Resource: BREF-80

Reference BREF-80
Date of Submission Jan. 24, 2014, 4:22 p.m.
Status accepted
ISLRN 310-036-258-354-7
Resource Type Primary Text
Media Type Audio
Language French

The BREF corpus was designed to provide enough read speech data for the development and evaluation of continuous speech recognition systems (both speaker-dependent and speaker-independent), and to provide a large corpus of continuous speech for the acquisition of acoustic-phonetic knowledge of spoken French.

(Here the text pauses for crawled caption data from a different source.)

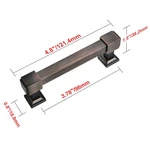 Utopia Alley Brett Pull Handle -oil Rubbed Bronze Metal Drawer 3.78". Fixed Price $10.59.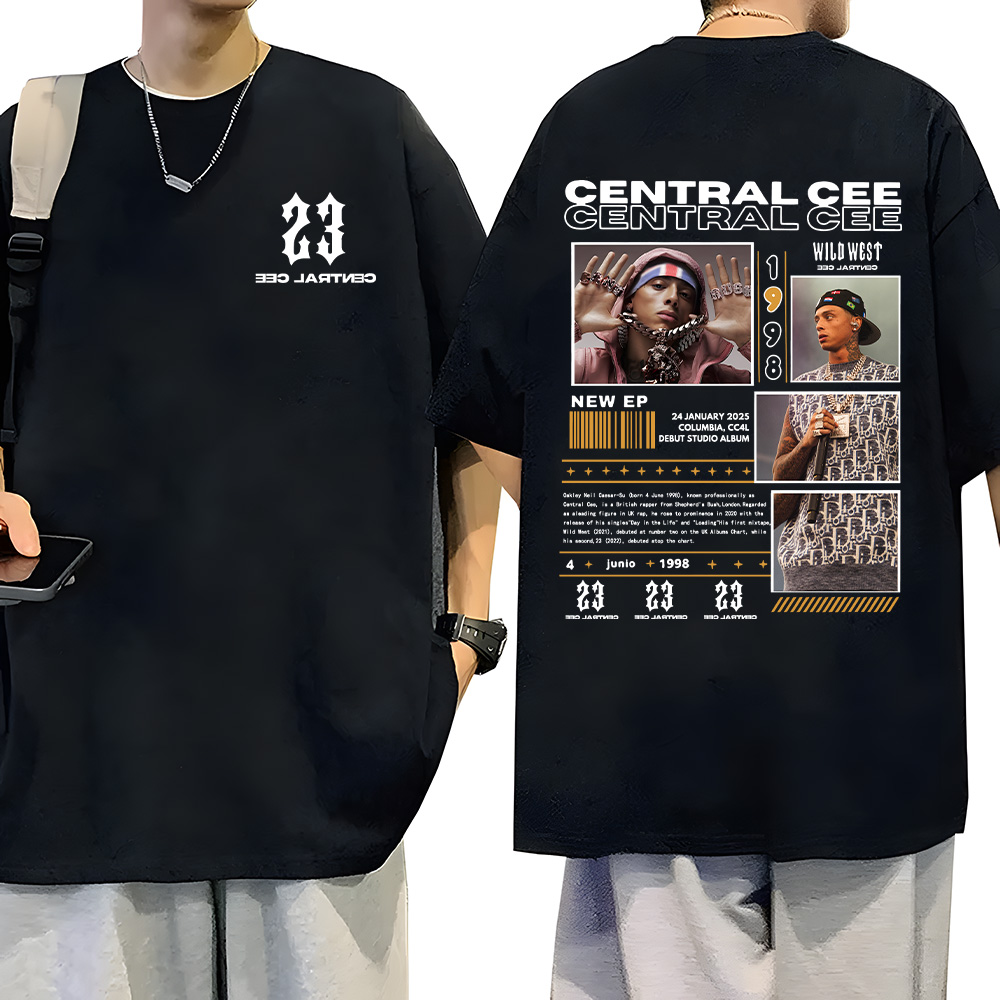 Rapper Central Cee Wild West T - огляд і ціна Women'S Fashion Wild West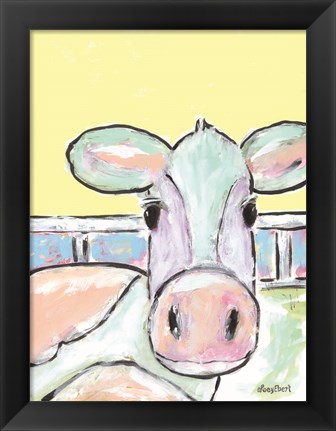 Framed Moo Moo Print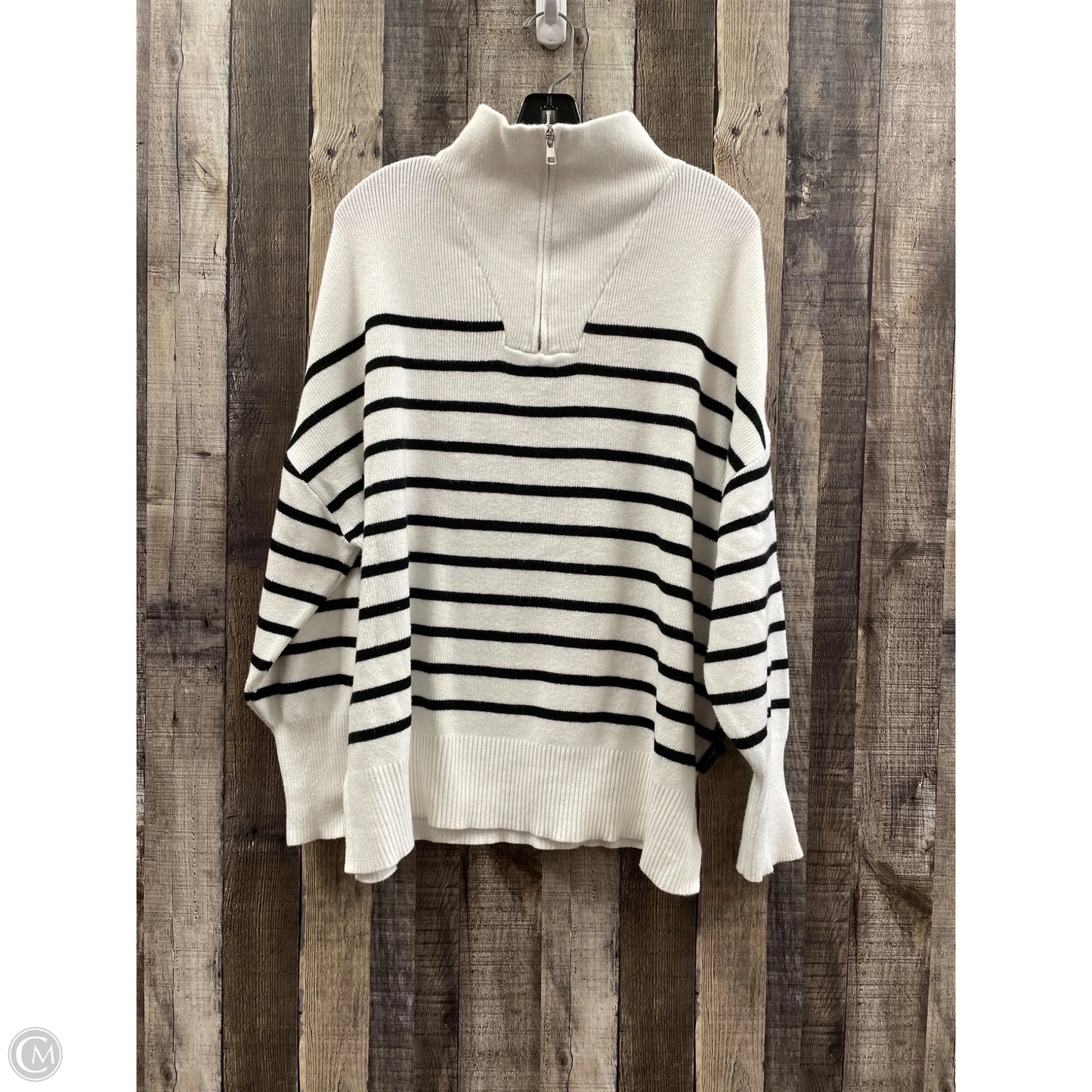Sweater By Zesica In Black & White, Size: L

All the recorded texts were selected from extracts of the French newspaper Le Monde so as to provide a large vocabulary (over 20,000 words) and a wide range of phonetic environments. The entire BREF corpus contains over 100 hours of speech material from 120 speakers.
The BREF-80 sub-corpus consists of 2 ISO9660 CDROMs, BREF80-1 and BREF80-2, containing speaker-independent training data from 80 speakers. Together these 2 CDs contain 5330 sentences, an average of 67 sentences per speaker. While this data represents only a small portion of the entire BREF corpus, the sentences have been selected to cover most of the BREF training prompts, in order to conserve a wide range of phonetic contexts with a minimum amount of speech data. Thus, the BREF80 sub-corpus produced on these CDs was especially selected to train speaker-independent, vocabulary-independent speech recognizers.

Version 1.0
Distributor ELRA